Ketika
Segala Berubah
Radhar Panca Dahana ; Budayawan
|
KOMPAS,
17 Februari
2018
Marilah kita sedikit
berimajinasi, membayangkan hal yang sesungguhnya faktual ini: pada awal abad ke-18,
seseorang harus mengarungi laut 70 hari untuk pergi dari London ke New York.
Di paruh awal abad ke-20, pada 1911 kapal besar Olympic menyeberangi jarak
yang sama dalam tujuh hari. Sepuluh kali lebih cepat dalam 200 tahun.
Bahkan kini kita bisa berbisnis
di hari yang sama antara London dan New York karena hanya butuh 7,5 jam saja
untuk menyeberanginya. Seratus tahun kemudian, teknologi supermodern
menciptakan peningkatan kecepatan 50 kali atau 5.000 persen dibandingkan
dengan peningkatan sebelumnya.
Hidup kita di zaman yang
berlari tidak lagi dengan kecepatan (speed), tetapi percepatan (velocity)

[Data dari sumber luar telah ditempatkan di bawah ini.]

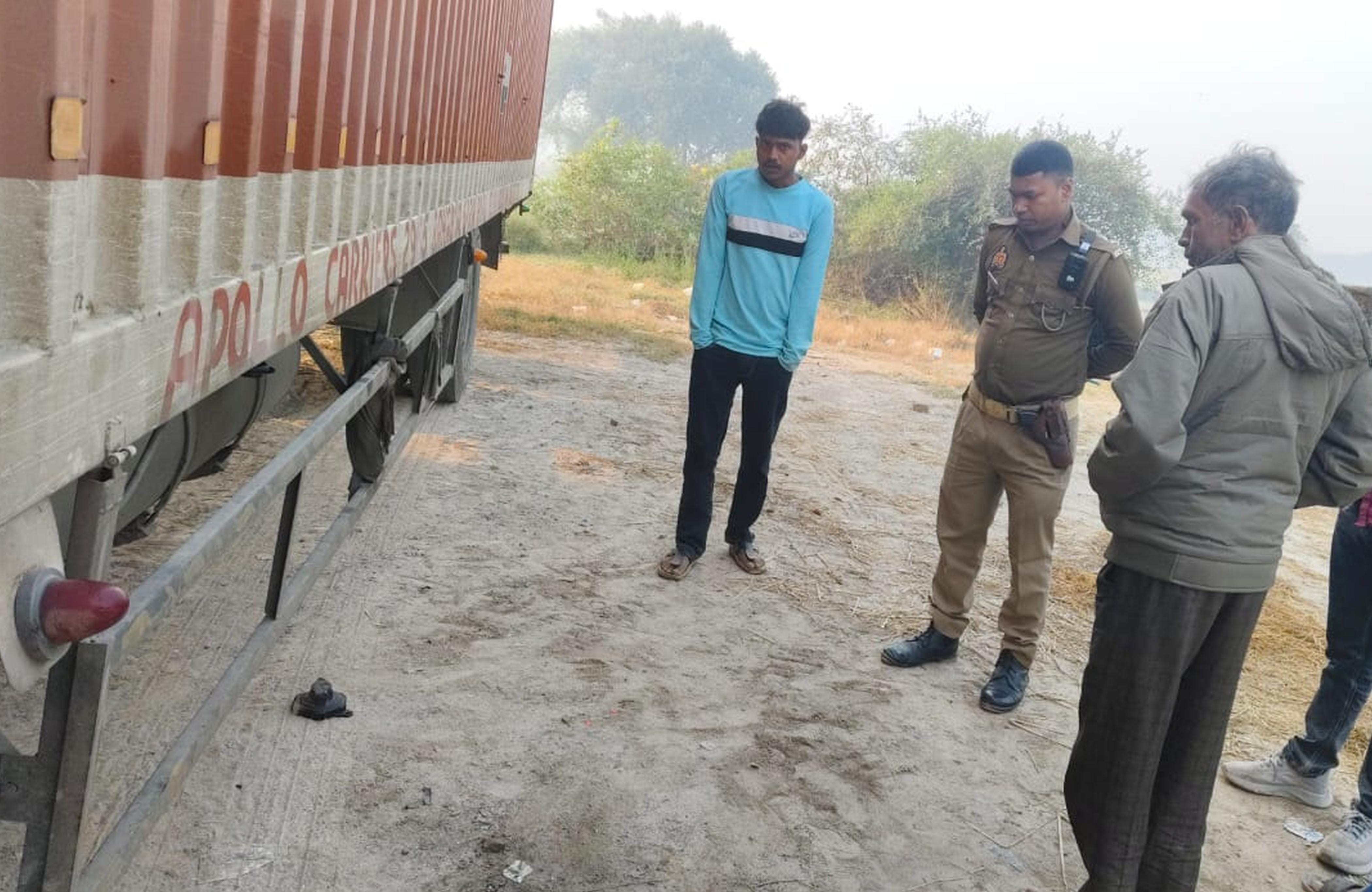 फोटो-09-मौके पर जांच करने पहुंची पुलिस। संवाद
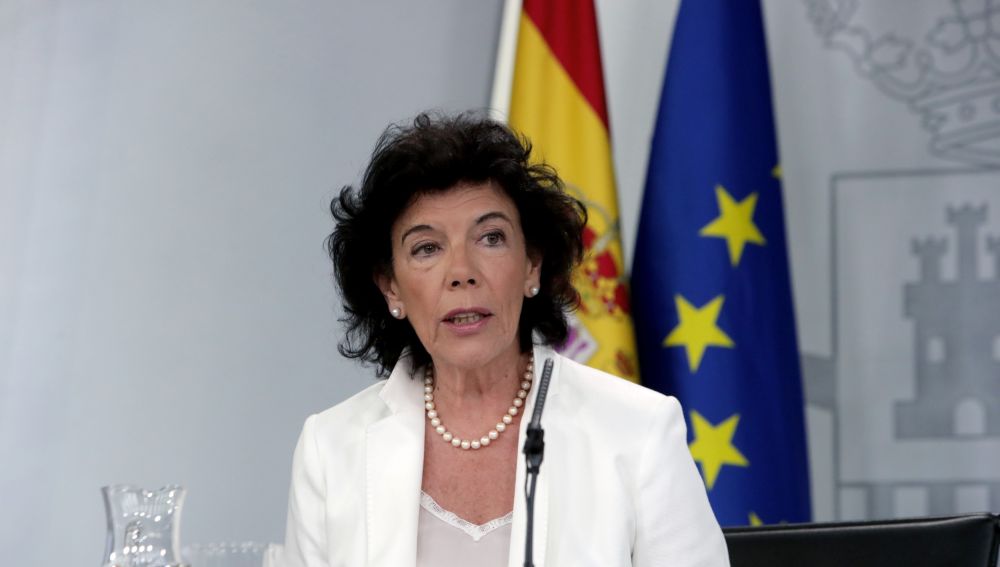 La portavoz del Gobierno, Isabel Celaá, durante una rueda de prensa posterior al Consejo de Ministros.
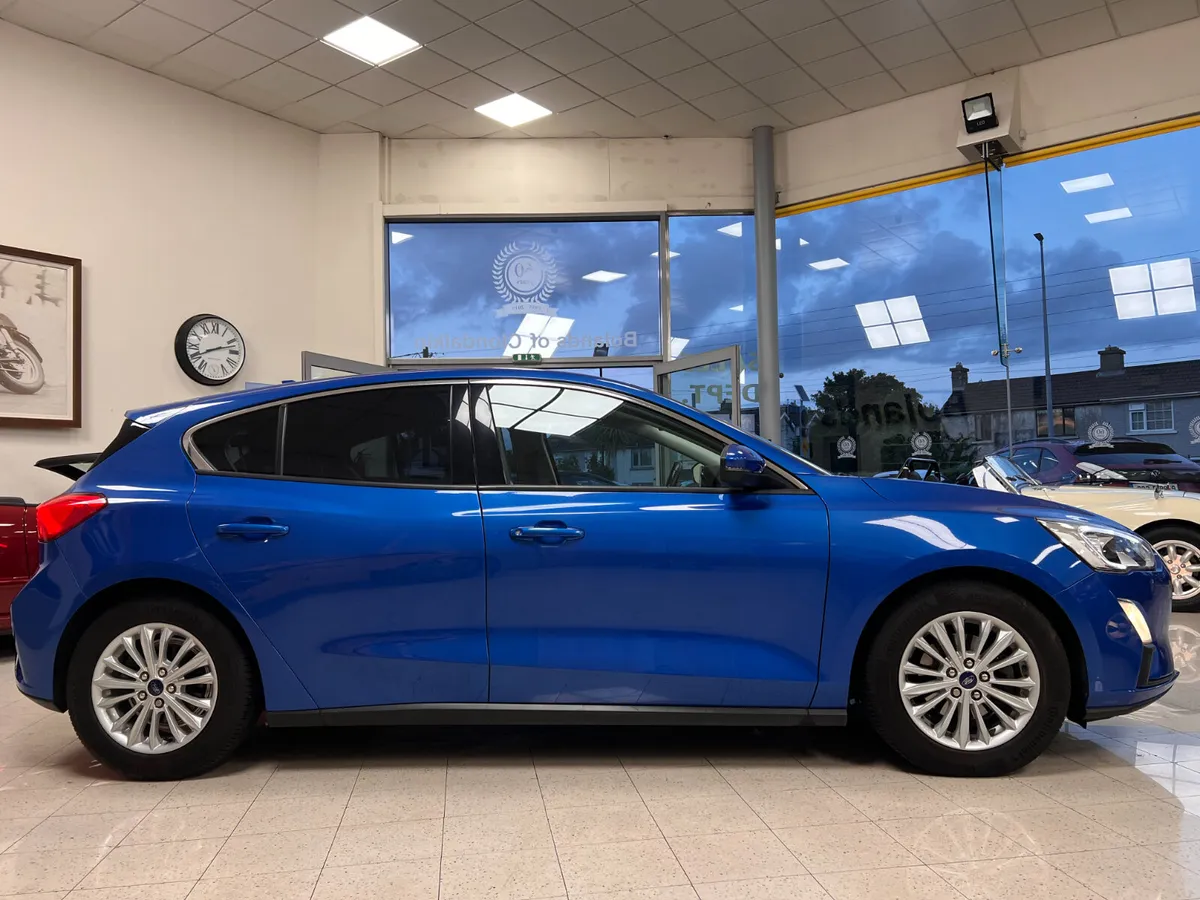 **ONLY 30,000 Kms**TITANIUM Eoboost Huge Spec Full - Image 2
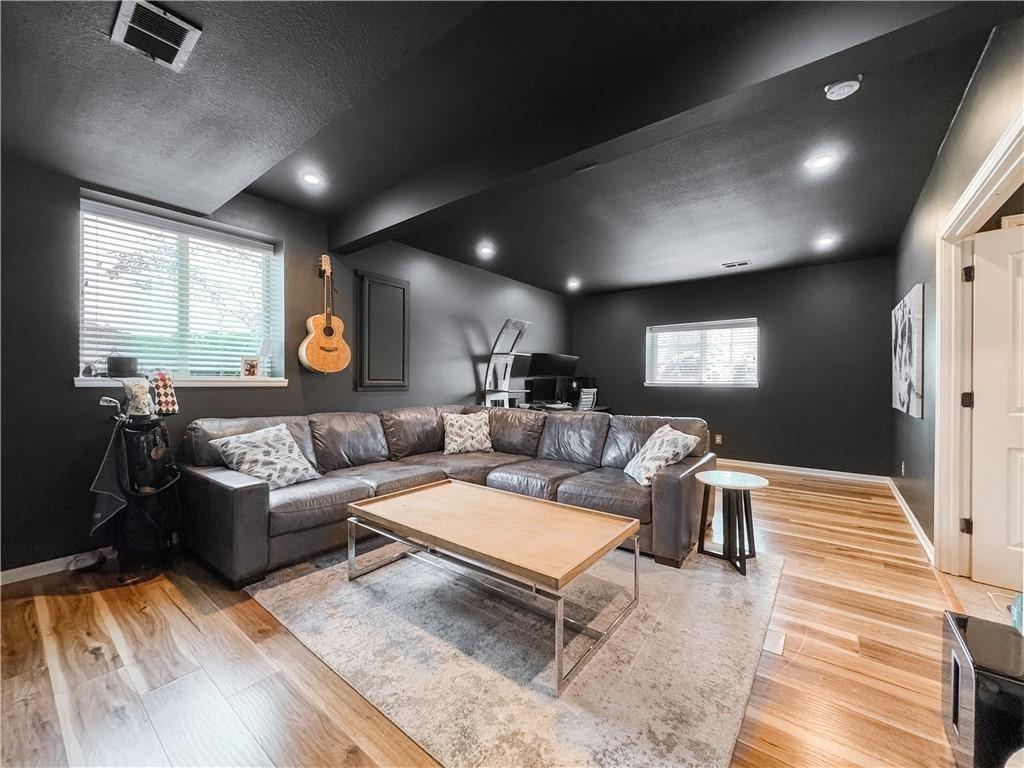 904 Southwest 35 Street Lee's Summit, MO 64082 - Photo 16 of 20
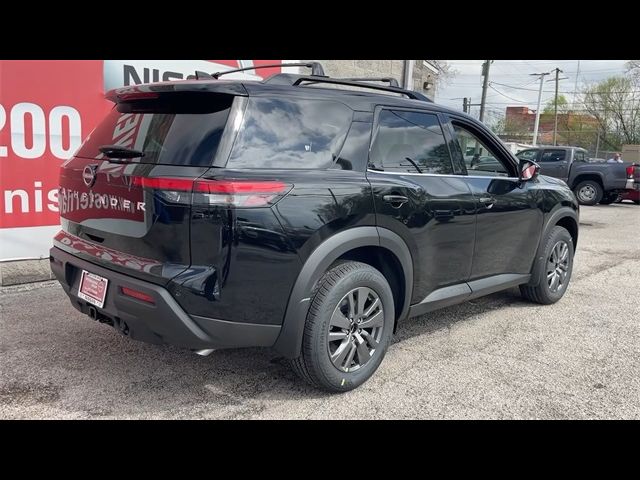 2025 Nissan Pathfinder SV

seperti dalam fakta di atas, tentu saja menciptakan perubahan yang tak
ringan. Tidak hanya secara sosial, ekonomis, politis, tetapi juga personal
hingga spiritual. Bisa dibayangkan bagaimana kita mencerap data dari sebuah
flashdisk ukuran 2 cm yang memiliki data 256 miliar byte, sementara data yang
dikirim sebuah modul pesawat angkasa Appolo 50 tahun lalu seberat 20 ton
hanya berasal dari memori sebesar 4 kilobyte.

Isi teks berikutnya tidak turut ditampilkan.